A New York Court Denies Yeshiva University Its Religious Freedom
Natan Ehrenreich | National Review | June 20, 2022

A student at Yeshiva University criticizes a New York court ruling that Yeshiva University is not a “religious corporation” and thus not exempt from laws prohibiting discrimination based on sexual orientation. The student argues that the decision, which requires the university to recognize a LGBTQ student club, will chill religious freedoms, exacerbate tensions on campus, and undermine conversations about how to support LGBTQ students.

Colleges Should Do More to Slow Down ‘Fast Thinking’
Glenn C. Altschuler and David Wippman | The Hill | June 26, 2022

A college president and a professor argue “zealots on the left and the right” make headlines of “unrepresentative cases” of speakers disinvited or shouted down. Such headlines reinforce partisan divisions and obscure a greater challenge to open inquiry, namely “fast thinking.” They argue colleges “should lay the foundation for slowing down fast thinking in and outside the classroom, at orientations and convocations, and in communications to alumni and parents of undergraduates.”

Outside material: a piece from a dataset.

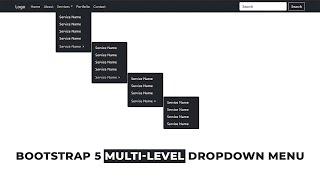 Bootstrap 5 Multi-level Dropdown Menu | Responsive Dropdown Menu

Academic Freedom’s Proxy Wars
Suzanne Nossel | The Chronicle of Higher Education | June 27, 2022

The CEO of PEN America criticizes public and private universities for “proxy reprisals” when scholars are investigated, fired, or dismissed from administrative posts after controversial speech. In such cases, “university officials need to honestly interrogate their own systems, motives, and decision-making processes to avoid being complicit in punishments that flout free-speech principles.”

Big Reads

Universities Under Fire: Hostile Discourses and Integrity Deficits in Higher Education
Steven Jones | Palgrave Macmillan | June 27, 2022

A British professor analyzes stresses in the UK higher education system. As in the U.S., UK universities were once trusted institutions but are now “under fire” by the media, public, and government. One reason: “perceived incompatibility with, or opposition towards, free speech.” The author argues that free speech concerns are overblown but concedes academia has contributed to the issue by, for example, “too casually or too individually appealing to academic freedom.”